In a village somewhere east of Ulan Ude, she remembers, her grandparents kept a scroll painted with the Buddha and fringed in blue silk. It seemed very old. But it was the caressing silk border which the small girl remembered, not the sage it enframed. There were three statuettes of the Buddha too, to which the old people burnt incense and offered meat and fruit. Sometimes the girl would watch secretly to catch the Buddhas eating. She remembers the cupboard where they sat, how its doors opened after Stalin’s death, and the sleepy fumes of incense.

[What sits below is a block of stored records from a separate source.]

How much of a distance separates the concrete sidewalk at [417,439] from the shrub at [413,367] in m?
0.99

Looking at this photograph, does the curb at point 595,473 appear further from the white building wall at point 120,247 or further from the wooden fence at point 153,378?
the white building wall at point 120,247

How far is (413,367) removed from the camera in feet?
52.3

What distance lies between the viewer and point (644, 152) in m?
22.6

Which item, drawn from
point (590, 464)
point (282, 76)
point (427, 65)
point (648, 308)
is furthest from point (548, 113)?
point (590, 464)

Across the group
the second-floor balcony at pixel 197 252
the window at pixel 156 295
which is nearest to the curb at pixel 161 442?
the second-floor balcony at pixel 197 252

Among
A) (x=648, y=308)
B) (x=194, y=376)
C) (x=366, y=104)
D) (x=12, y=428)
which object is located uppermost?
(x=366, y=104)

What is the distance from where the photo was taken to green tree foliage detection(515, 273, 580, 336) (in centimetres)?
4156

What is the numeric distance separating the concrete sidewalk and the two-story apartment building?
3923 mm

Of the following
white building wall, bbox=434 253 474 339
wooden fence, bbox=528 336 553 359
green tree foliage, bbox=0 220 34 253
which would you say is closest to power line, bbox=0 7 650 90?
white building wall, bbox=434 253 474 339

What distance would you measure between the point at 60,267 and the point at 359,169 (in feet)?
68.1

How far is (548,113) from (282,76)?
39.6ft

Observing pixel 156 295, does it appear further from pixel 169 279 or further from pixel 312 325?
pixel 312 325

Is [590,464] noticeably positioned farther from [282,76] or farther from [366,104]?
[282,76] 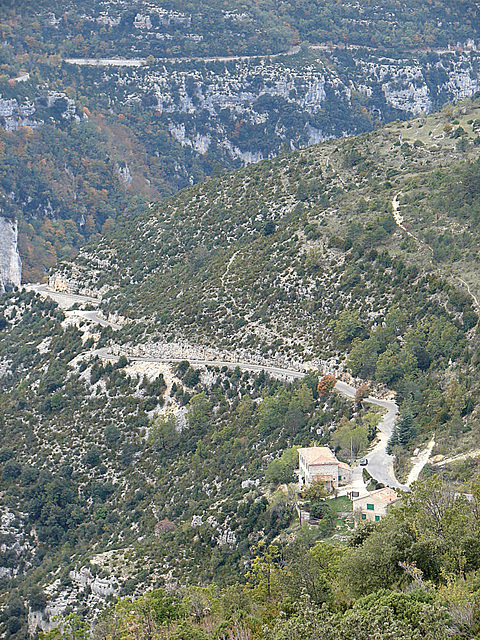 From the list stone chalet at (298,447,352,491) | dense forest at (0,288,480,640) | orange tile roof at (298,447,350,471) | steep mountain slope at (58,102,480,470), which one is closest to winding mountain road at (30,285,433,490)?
stone chalet at (298,447,352,491)

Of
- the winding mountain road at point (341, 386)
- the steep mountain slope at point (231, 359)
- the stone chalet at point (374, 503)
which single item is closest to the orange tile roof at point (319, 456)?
the winding mountain road at point (341, 386)

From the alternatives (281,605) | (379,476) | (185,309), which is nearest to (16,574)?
(185,309)

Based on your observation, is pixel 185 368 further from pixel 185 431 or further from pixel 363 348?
pixel 363 348

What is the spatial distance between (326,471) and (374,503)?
21.1 feet

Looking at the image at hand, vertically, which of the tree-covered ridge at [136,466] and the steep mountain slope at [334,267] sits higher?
the steep mountain slope at [334,267]

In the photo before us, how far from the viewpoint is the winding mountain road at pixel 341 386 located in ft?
204

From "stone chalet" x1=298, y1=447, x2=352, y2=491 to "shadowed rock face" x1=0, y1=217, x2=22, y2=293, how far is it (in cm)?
12569

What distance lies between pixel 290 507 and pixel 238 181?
64.2 meters

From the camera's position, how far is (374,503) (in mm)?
56094

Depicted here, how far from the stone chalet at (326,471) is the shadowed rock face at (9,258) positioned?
12569 centimetres

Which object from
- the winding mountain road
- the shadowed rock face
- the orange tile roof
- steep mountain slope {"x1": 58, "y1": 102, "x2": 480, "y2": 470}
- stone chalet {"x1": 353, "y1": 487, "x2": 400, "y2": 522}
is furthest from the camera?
the shadowed rock face

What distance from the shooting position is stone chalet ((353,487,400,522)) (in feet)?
181

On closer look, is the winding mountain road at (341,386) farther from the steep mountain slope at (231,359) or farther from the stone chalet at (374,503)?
the stone chalet at (374,503)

‘Every morning they offered the Buddhas tea and milk, then sprinkled it to the corners of the porch. That’s how Buddhism survived–in secret, the old people remembering. In Stalin’s day they rolled up the scroll with their prayer-books in a wooden box, and buried them under the house. But our family’s clan still had an altar on a hill, where they offered sacrifices.’ She frowns with remembered rebellion. ‘I wasn’t allowed to go, because I was a girl. But my brother told me about it.’

...

I had heard of a whole museum mured up in the cathedral, but it was closed to public view. Was it possible to…? The cat walked between us like a mascot.

Yes, it was possible. As the woman mounted the tower’s stair and unlocked door after armoured door a rich and incoherent maze came to light. Inside had been hoarded not the relics of Christian Orthodoxy but the accumulated treasures of Buddhist monasteries and temples salvaged in the hours before their demolition. Earmarked for display in a museum to promote atheism, then preserved for some future archive of their own, they waited here in glimmering profusion, sometimes stacked pell-mell among Cossack ploughs and harness, more often ranked in half-documented cabinets to themselves.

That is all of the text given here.